Современное чтение, чтение зрителя — это почти припоминание в Платоновом смысле. Собственный телесный опыт (опыт ощущения реальности) выступает в роли прообраза, который должен быть распознан за словами текста. Причем опыт этот — как и положено ощущению — симультантен и суггестивен. Он не знает прошлого и будущего. Он есть только сейчас, и он есть — “я”. Анонимный в большинстве своем для читателя — даже если имя его известно, — автор “родным”, ассоциативно точным словом внезапно возвращает мне, читателю, мой мир таким, каким я его вижу, ощущаю и слышу. И мгновенность этой “раздираемой завесы” — засветился, засветился темный экран кинотеатра, началось кино — вызывает холодок, дрожь мурашек — эстетическую реакцию.
В этом — существенное отличие современного “припоминания” от авангардного остранения (по Шкловскому). Для читателя той эпохи литература была ценна и “цепляла” своей новизной. Теперь — подобием, похожестью на саму себя. Не переназвать все вещи, чтобы обновить их, а назвать, чтобы при чтении они были хотя бы узнаны, — вот теперь ее задача.
4. Литература. (Немного критики)
В мире зрителей статус чтения изменился настолько, что это должно было существенным образом отразиться на статусе самой литературы. Разумеется, рецептивная эволюция, начавшаяся несколько лет назад, далеко еще не завершена, и, разумеется, это не единственная причина нынешнего конфликта литературы с читателем. Тут как раз имеет место слом, трещина, постепенно заполняемая целительной смолой.

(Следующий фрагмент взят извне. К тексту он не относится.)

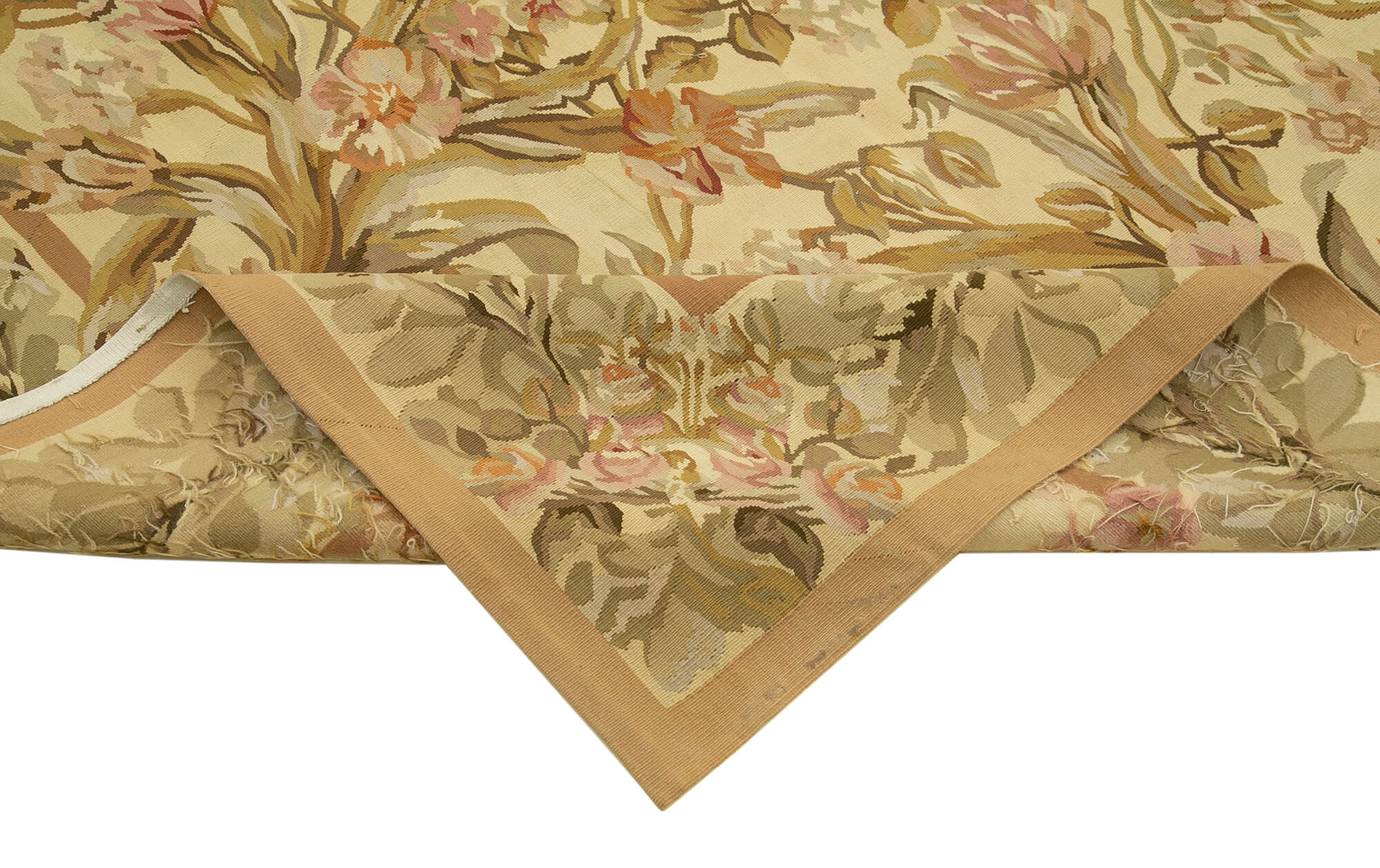 Handmade Wool Area Rug – Vintage Floral Beige Cotton Wool Carpet 8'10''x12'0''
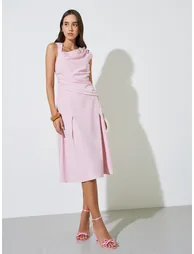 Pink Asymmetric Neck A-Line Midi Dress - 1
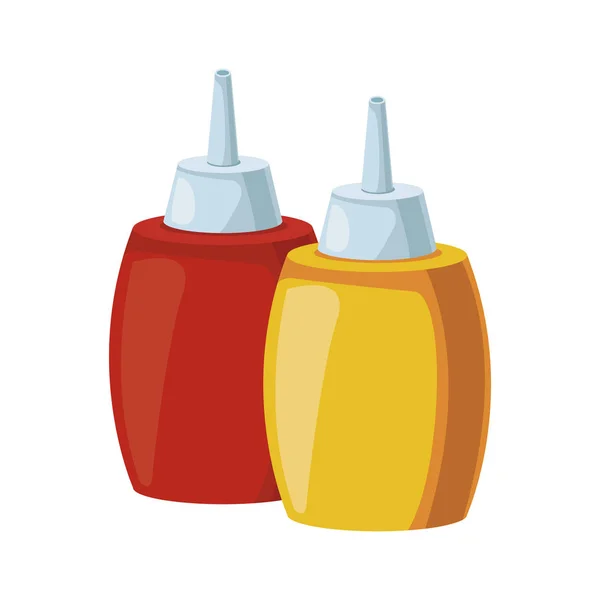 Saucen Flaschen Symbol, buntes Design — Stockvektor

Зрителями ведь стали не только читатели. Зрители — и те, кто находится по другую сторону “зазеркалья”. Мне как-то довелось листать во множестве старые, начала девяностых, подшивки толстых журналов. А потом — вечером того же дня — несколько свежих, выпущенных в последние месяцы книжек. Впечатление было разительное. Все вроде то же самое, но с неким смещением. Неуловимо изменились фундаментальные характеристики текстов, сам способ представления реальности в них. Вещи, человеческие эмоции, телесные ощущения даны слегка иначе, чем в произведениях, опубликованных десять лет назад. Мизансценированы. Расписаны для какого-то будущего кино. С избытком подробностей и деталей, весь смысл которых лишь в том, чтобы усилить эффект реальности. Не забыть упомянуть, как именно ощущала героиня сквозь подошвы дешевых босоножек камешки на проселочной дороге, чем утренний свет фонаря, лезущий в глаза, специфически отличается от вечернего света того же фонаря, лезущего в глаза, рассбыпать по страницам повествования, как вешки на дороге, мелкие приметы времени, чтобы “совпало” — вплоть до названий улиц, кафе, марок сигарет и брендов пива... Кузнецов, Гришковец, Геласимов, Горалик, Курицын, Бавильский... Их тексты, генетически не взаимосвязанные, выстраиваются в единую линию, единое направление.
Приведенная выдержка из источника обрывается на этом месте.